Zdecydowanie gorzej jest na drogach lokalnych, gdzie w wielu miejscach drogi nie są w ogóle odśnieżone. Tak jest np. na Suwalszczyźnie w okolicach Wiżajn, w jednej z najzimniejszych miejscowości w regionie.
Zła sytuacja jest także w największych miastach woj. podlaskiego, w Białymstoku i Suwałkach. Na ulicach zalega śnieg, bo nie wszędzie pracują pługi.
Najgorsze warunki do jazdy panują na wschodzie i północnym wschodzie Polski. W tamtych rejonach przez całą noc padał śnieg. Tomasz Pyszczek z Generalnej Dyrekcji Dróg Krajowych i Autostrad zapewnia jednak, że wszystkie drogi są przejezdne.
Błoto pośniegowe leży na drogach krajowych nr 2, 63, 68, 76 i 19, na północ od Lublina. Poza tym trasy krajowe są czarne i mokre.
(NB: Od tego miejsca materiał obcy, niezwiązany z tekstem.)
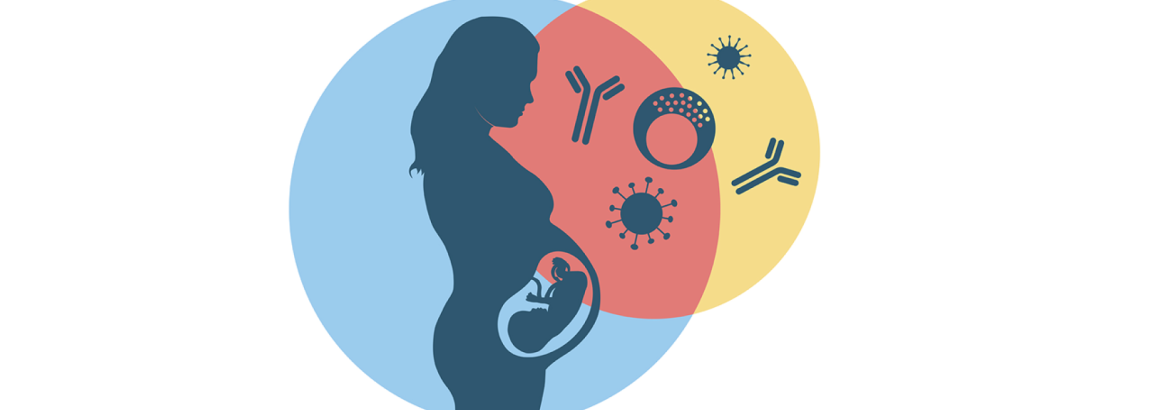 Australian study links pregnancy-induced immune cells to breast cancer protection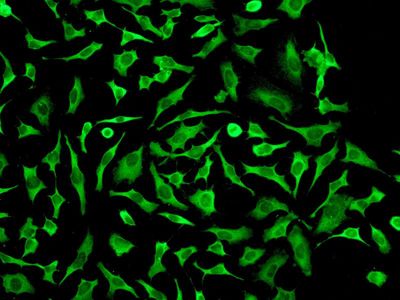 Immunofluorescent staining of HeLa cells using anti-STUB1 antibody.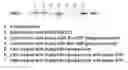 Fig. 01 - PEPTIDES AND NANOPARTICLE FORMULATIONS THEREOF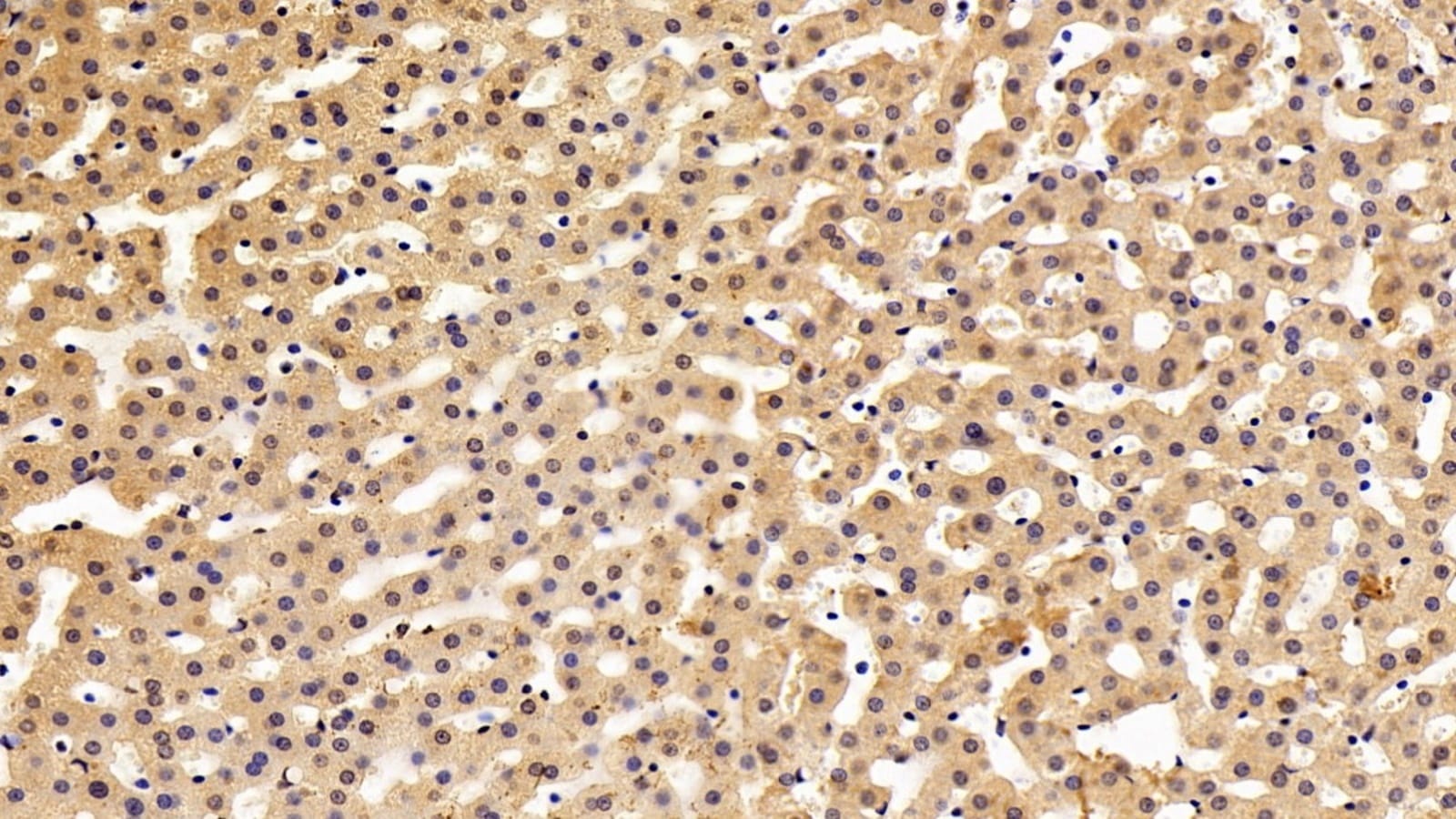 Anti-MX1 Mouse Monoclonal Antibody [clone: C4] | VWR, part of Avantor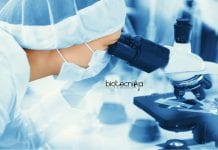 Syngene Protein Purification Job For MSc/MTech Biotechnology Syngene MSc MTech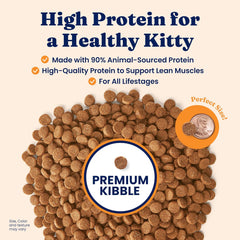 Solid Gold High Protein Dry Cat Food - Grain Free & Gluten Free Chicken Cat Dry Food w/Probiotics for Gut Health & Digestion - High Fiber & Omega 3 - Low Carb Superfood Kibble for Cats All Ages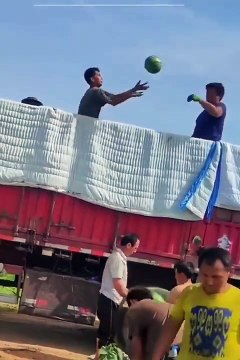 Great Teamwork #shorts #shortvideo #video #virals #videoviral #innovationhub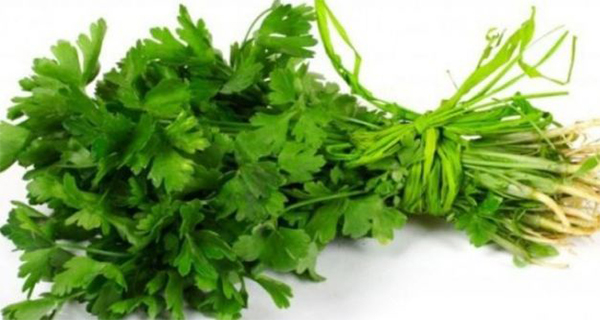 These Foods Contain A Substance That Kills Cancer Cells!jpg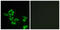 Frizzled Class Receptor 8 antibody, LS-C120599, Lifespan Biosciences, Immunofluorescence image 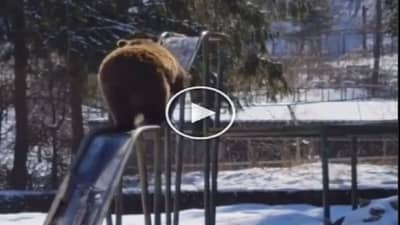 Viral Video: રીંછે મજાથી સ્લાઈડનો આનંદ માણ્યો, Cutenessએ લોકોનું ધ્યાન ખેંચ્યું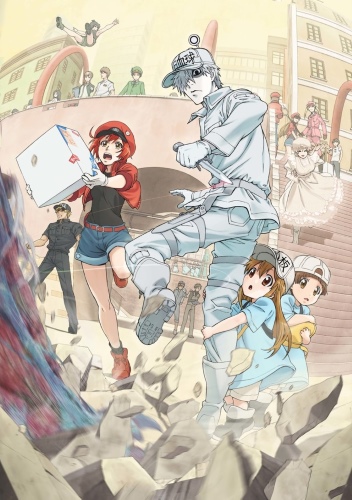 Cells at Work (Hataraku Saibou) - Season 1 [Sub: Eng]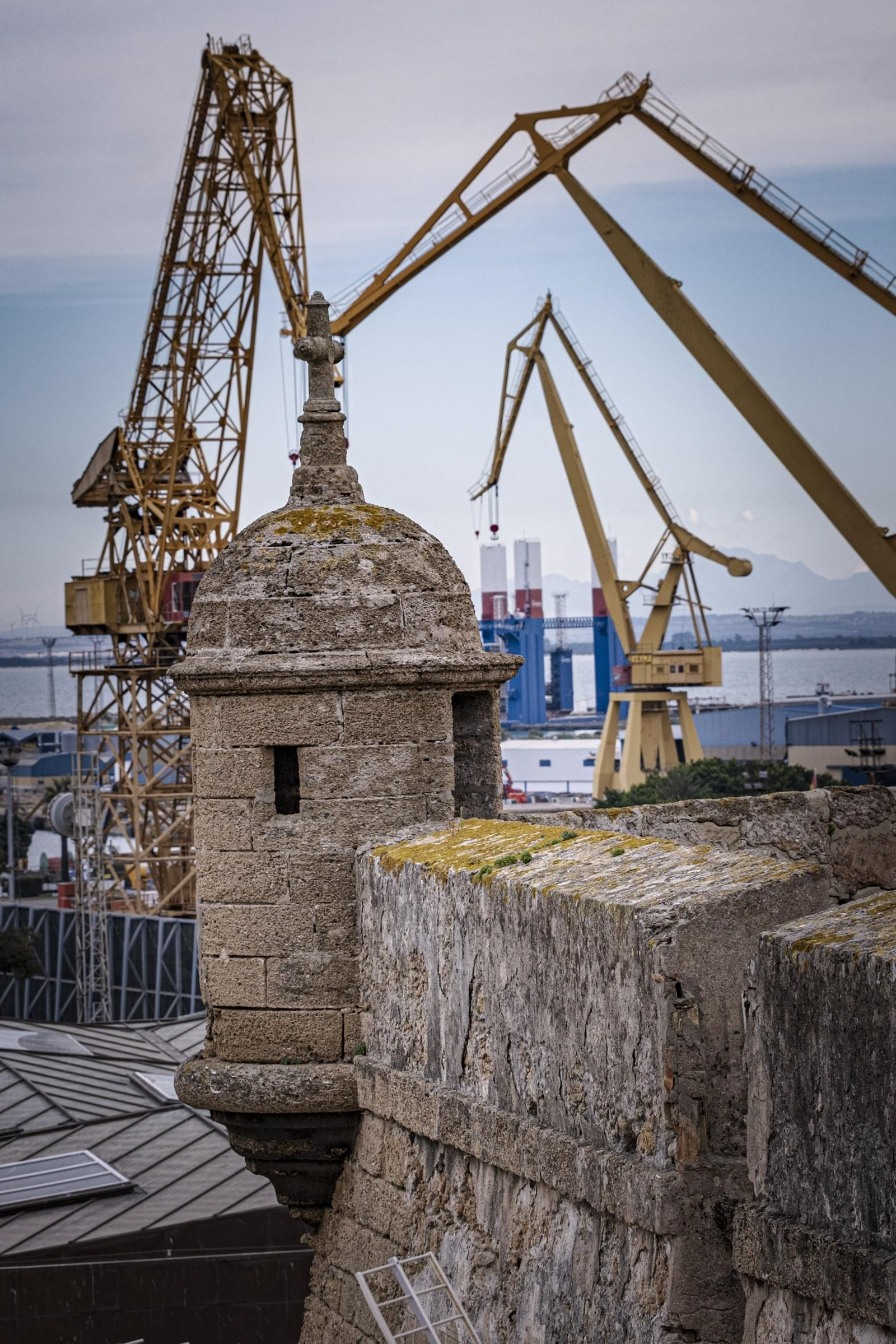 Las imágenes de la reapertura del paseo superior de las Puertas de Tierra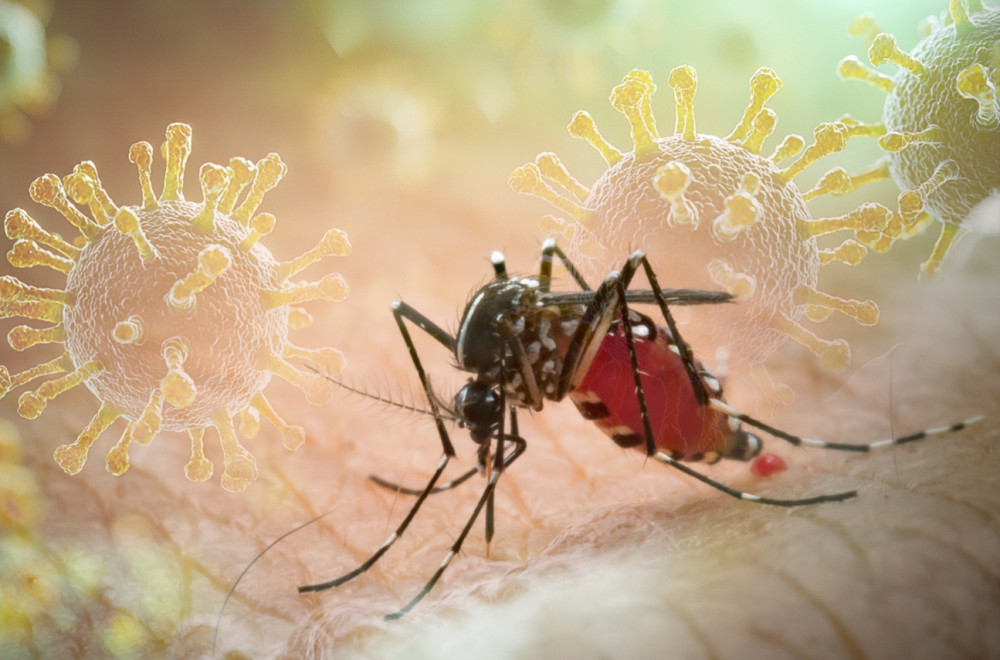 Opasan virus širi se Evropom, a za njega nema leka ni vakcine: Evo gde je najviše zaraženih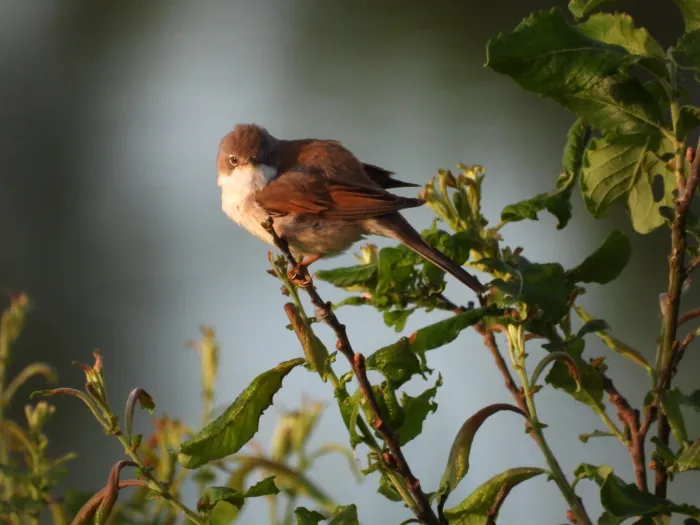 Waargenomen Grasmus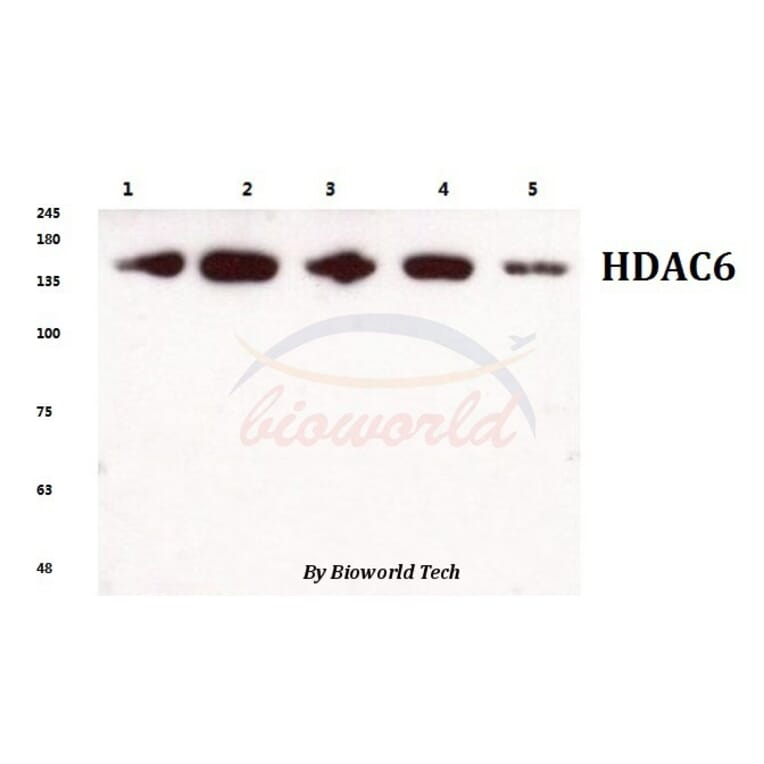 Anti-HDAC6 (H1203) Antibody from Bioworld Technology (BS1165) - Antibodies.com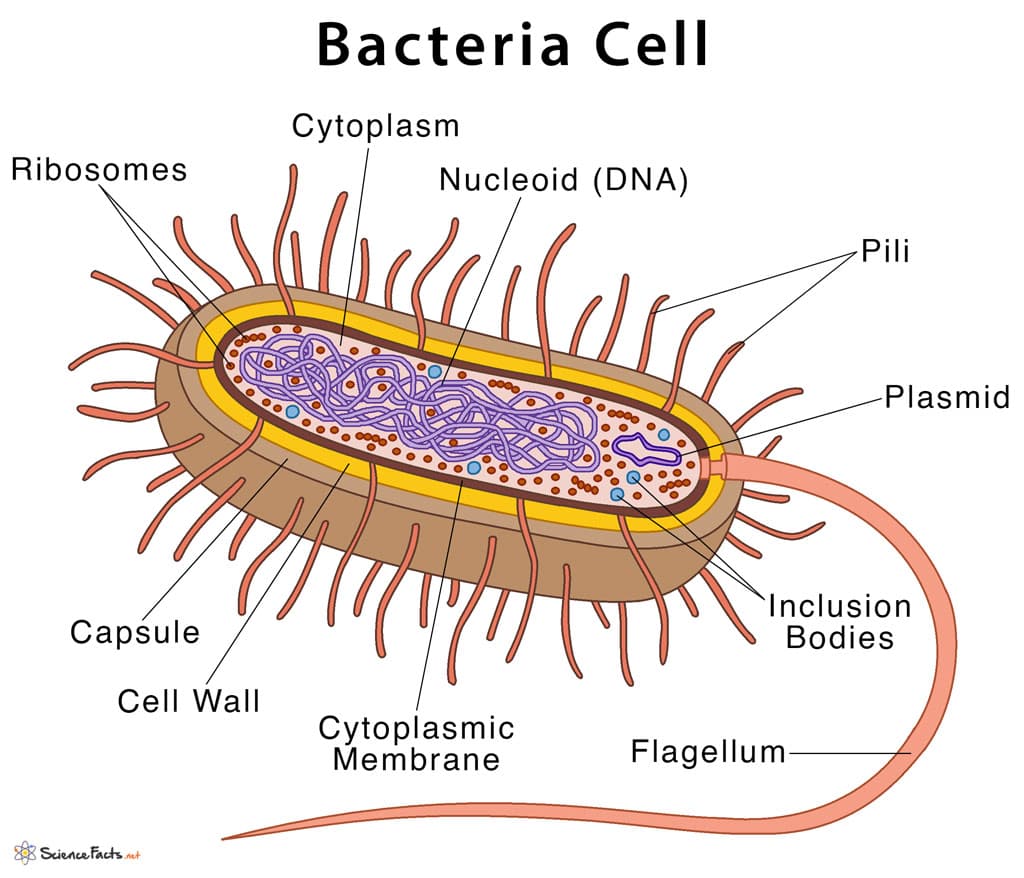 Bacteria Cell
Cytoplasm
Ribosomes
Nucleoid (DNA)
Pili
Plasmid
Capśule
`Inclusion
Bodies
Cell Wall
Cytoplasmic
Membrane
Flagellum-
Science Facts net
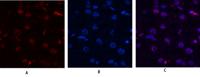 Histone H4 Polyclonal Antibody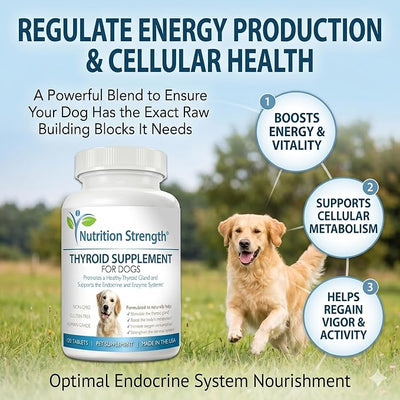 Thyroid Supplement for Dogs, Support for Hypothyroidism in Dogs with Organic Bladderwrack, Promotes Normal Function of Endocrine and Enzyme Systems, 120 Chewable Tablets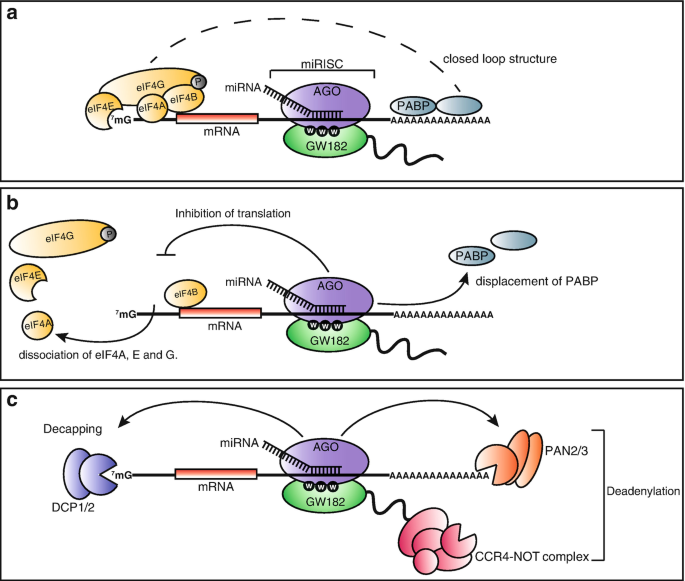 Mechanisms of Post-transcriptional Gene Regulation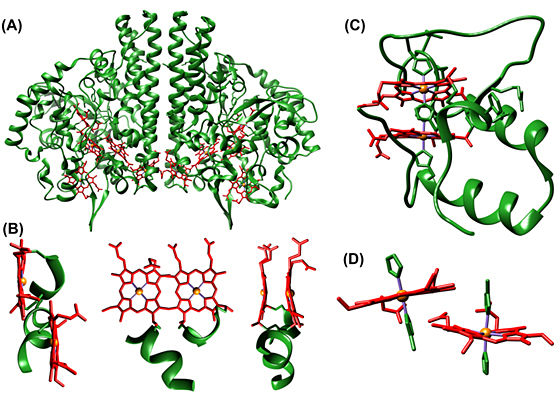 Prophyrin Dimer as model of Di-heme protein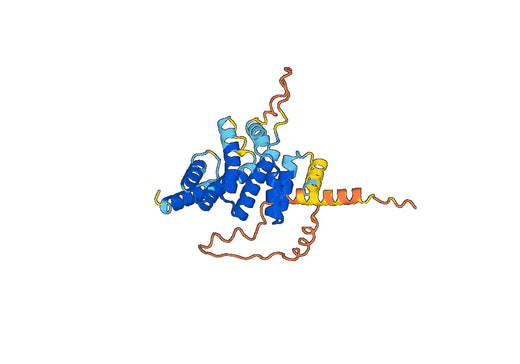 Protein NPGR2(NPGR2)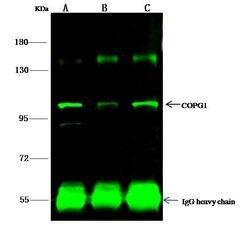 Invitrogen COPG Polyclonal Antibody 100 &mu;L; Unconjugated:Antibodies,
Na zdecydowanej większości dróg Lubelszczyzny leży cienka warstwa błota pośniegowego, a w rejonie Międzyrzeca Podlaskiego nawet zajeżdżonego śniegu. Czarną nawierzchnię można spotkać jedynie na drodze nr 850 - Tomaszów Lubelski-Hrubieszów i trasa nr 815 Lubartów-Parczew. Nocą notowano przelotne opady śniegu niemal w całym regionie.
Najzimniej, około -5 stopni Celsjusza, było pod Miedzyrzecem, -1, -2 stopnie w centrum i na południu województwa. Lokalnie przy akwenach i w lasach mogą występować zamglenia.
Synoptycy spodziewają się w ciągu najbliższej doby znacznego spadku temperatury. Drogi w regionie będą bardzo śliskie.
Temperatura spada, śnieg posypie
Polska jest pod wpływem niżu znad Ukrainy, z północnego wschodu zaczyna napływać chłodna polarna masa powietrza. Ciśnienie w Warszawie w południe wyniesie 989 hPa i będzie rosło.
W sobotę będzie w Polsce zachmurzenie przeważnie duże z okresowymi opadami śniegu, które lokalnie (zwłaszcza na krańcach południowo-zachodnich) mogą być o natężeniu umiarkowanym. Temperatura maksymalna od -6 st. C na północnym wschodzie, -3,-2 st. C w centrum i na zachodzie, do -1 st. C w Małopolsce, na Podkarpaciu oraz nad samym morzem. Wiatr słaby i umiarkowany z kierunków północnych, mogący lokalnie powodować zawieje i zamiecie śnieżne.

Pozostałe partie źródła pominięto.